久しぶりのトークイベントでも、恐々手をあげてくれた人に、「作家をもし辞めるときがきたら、作家になったことを後悔しますか?」と言われた。
立てつづけだったので、やけに印象に残っている。
質問を受けて、番組の本番中、僕はしばし考えた。うーん、なんて。そのあとで、「いまこの瞬間に辞めたとしても、後悔は0%だと思います」と答えた。トークイベントのときも、「後悔はしないです」と言った。
この仕事は普通に考えたら、怖いしヤバいし不安定だし、という仕事に映るんだと思う。そしてそれは概ね当たっている。でも、やっぱり僕はどんな最終回が来たとしても、「後悔はしない」と答えると気がする。
僕が小学五年のとき、朝礼のあとに、全校生徒で縄跳びをするという、意味不明の時間があった。ひとりの教師が、朝礼台に上がり、「五年生、六年生の中から誰かひとり、朝礼台の上で、模範演技を見せてもらいます! 多少失敗してもいいから!」と挙手を求めた。
もちろん誰も手を挙げない。水を打ったように静まりかえる五、六年生。僕も出来る限り気配を消す。ほとんどの生徒が俯き、校庭の砂を見る勢いで、目を逸らしていた。

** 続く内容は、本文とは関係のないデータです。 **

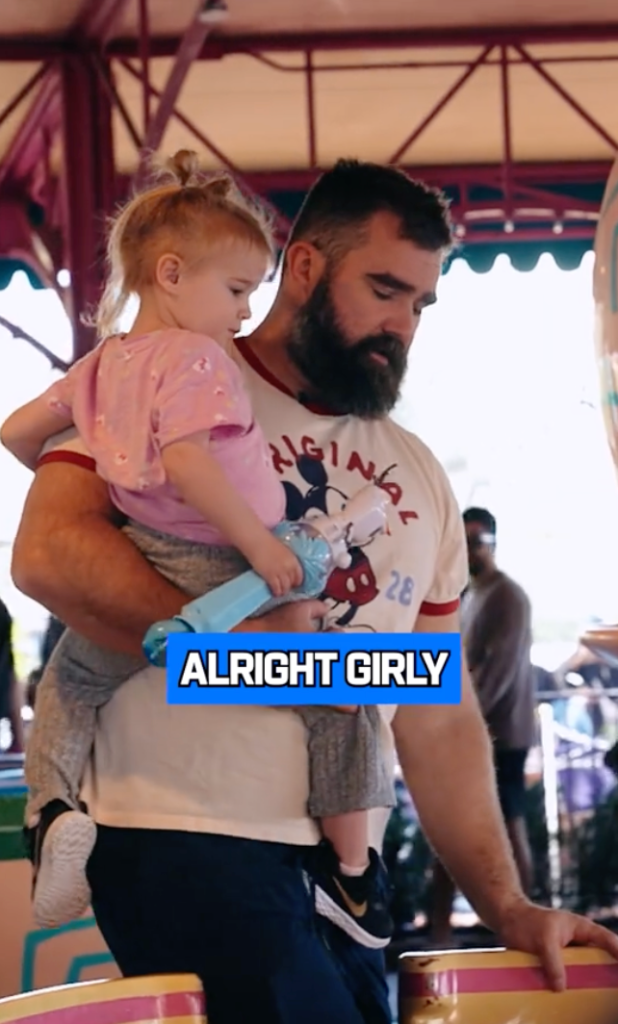 Jason Kelce boarding the teacup ride with his daughter. 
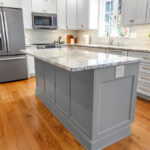 White-painted kitchen perimeter cabinets with a gray-painted island.
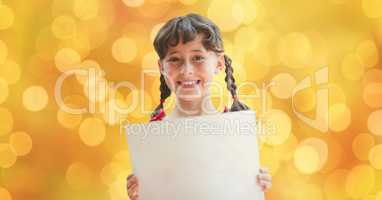 Happy girl holding placard over defocused background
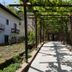 Hotel Gentile in Agerola garden walkway under vine-covered pergola with sunny path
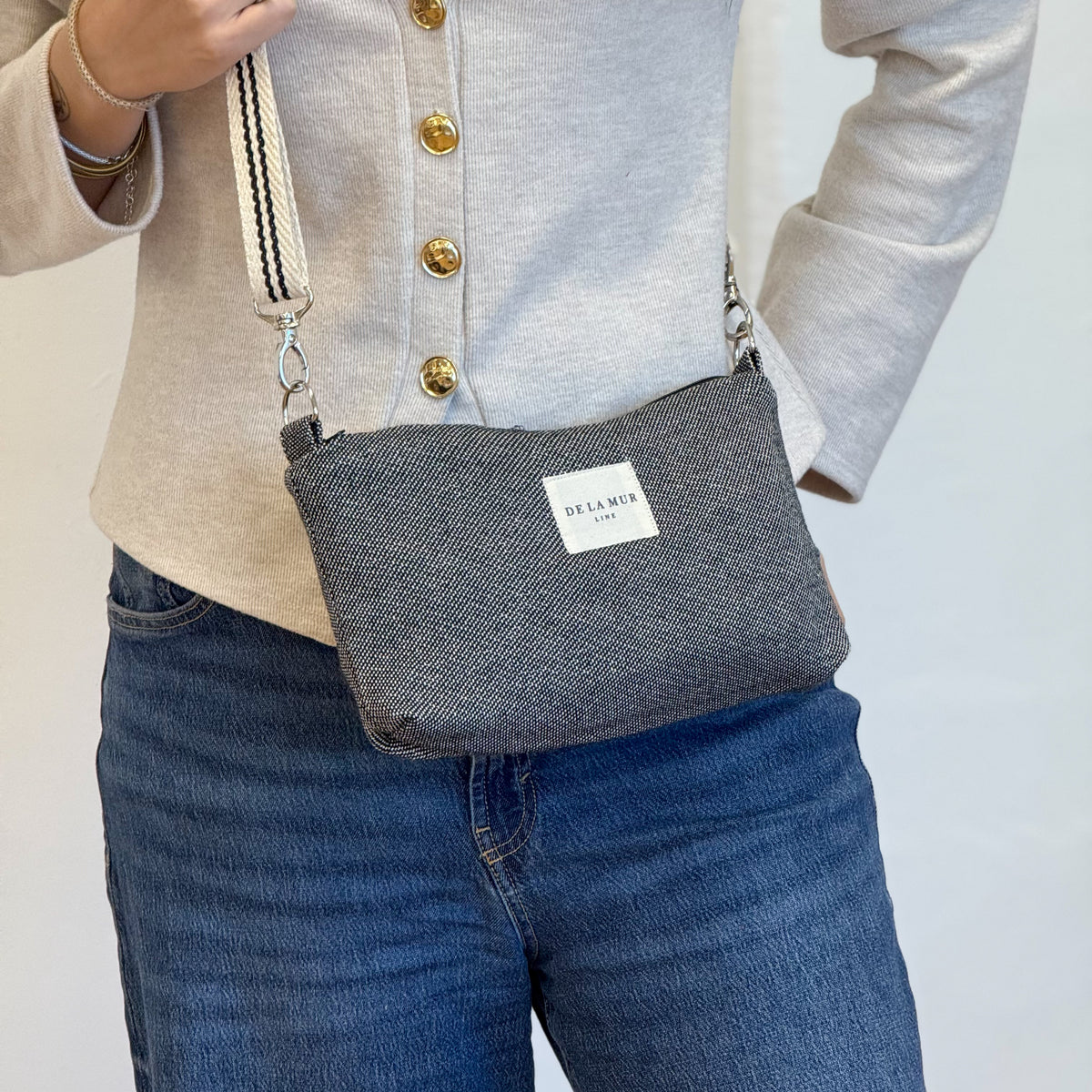 Model wearing the DE LA MUR Sinay striped jacquard clutch handbag, three-quarter view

「誰もいないのか? じゃあ、指名するぞ」教師が不満げにそう言った。「じゃあ……」教師は値踏みをするかのように僕たちのジロジロと眺めている。
当たるな、当たるな、と念じながら、僕は誰かが生贄になるのを待っていた。
「えっと……」教師の値踏みはつづく。緊迫した空気。誰もが緊張しているのがわかった。誰もが息を押し殺しているのがわかった。
僕は、そのピリピリとした空気が我慢できなかった。その息苦しさから一秒でも早く解放されたくなっていた。そして、自ら手を挙げてしまう。